Conversely, a news feed that mainly features widely shared stories can lead to a misleading steady state—a situation where incorrect but initially popular stories spread widely and shape people’s beliefs, despite being contradicted by later information. One might expect such feedback loops with naive users, but we show misleading steady states also arise in equilibrium with rational users whenever the virality weight exceeds the critical virality weight threshold. The idea is that when stories supporting an incorrect position are shared more, subsequent users tend to see these incorrect stories in their news feeds due to the stories’ popularity and hence form incorrect beliefs. Users rationally share these false stories and further increase their popularity. People have less exposure to the true stories: even if these stories are more numerous, they are shared less than the false stories and therefore shown less by the news feed algorithm.

Increasing the virality weight thus presents a trade-off. It can enhance information aggregation, but it also poses the systemic risk of leading society to a misleading steady state where most people form incorrect beliefs.

Since misleading steady states only appear when virality weight exceeds the critical virality weight threshold, we can use the level of this threshold to ask what properties of the platform make it more susceptible to misleading steady states. A platform is more susceptible when news stories are not very precise, when news feeds are large, and when users share many stories.

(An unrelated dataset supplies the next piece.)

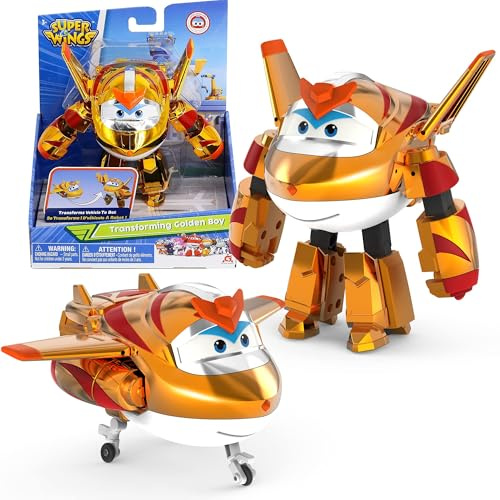 Super Wings Golden Boy trasformabile, figura trasformabile alta circa 12,7 cm, aeroplano e robot giocattolo per bambini e bambine di età superiore ai 3 anni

In other words, misleading steady states arise on platforms where users consume and interact with an excessive amount of social information, compared to the quality of private information they receive from other sources.

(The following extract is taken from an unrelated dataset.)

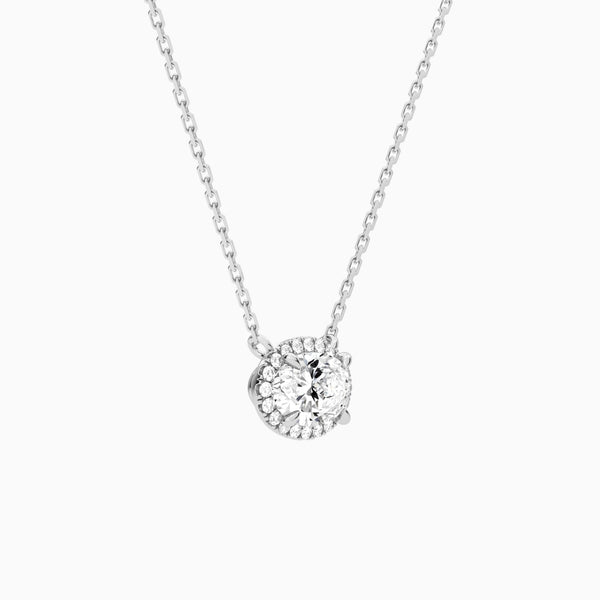 Oval Halo Lab Grown Diamond Necklace In 14K White Gold - Front Angle View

Implications for platform design

We give two consequences of our results for platform design. First, we ask what virality weight a platform would choose to maximize a broad class of objectives, including users’ equilibrium utility from sharing stories on the platform. We find the optimal choice of virality weight either approaches the critical virality weight threshold or lies strictly above it as the number of users grows. We then discuss when a platform is robust to malicious attackers who manipulate its content. If a platform chooses its virality weight sufficiently below the threshold, a large amount of manipulation is required to produce a misleading steady state. We provide a simple explicit lower bound on this amount, interpreting it as a robustness guarantee.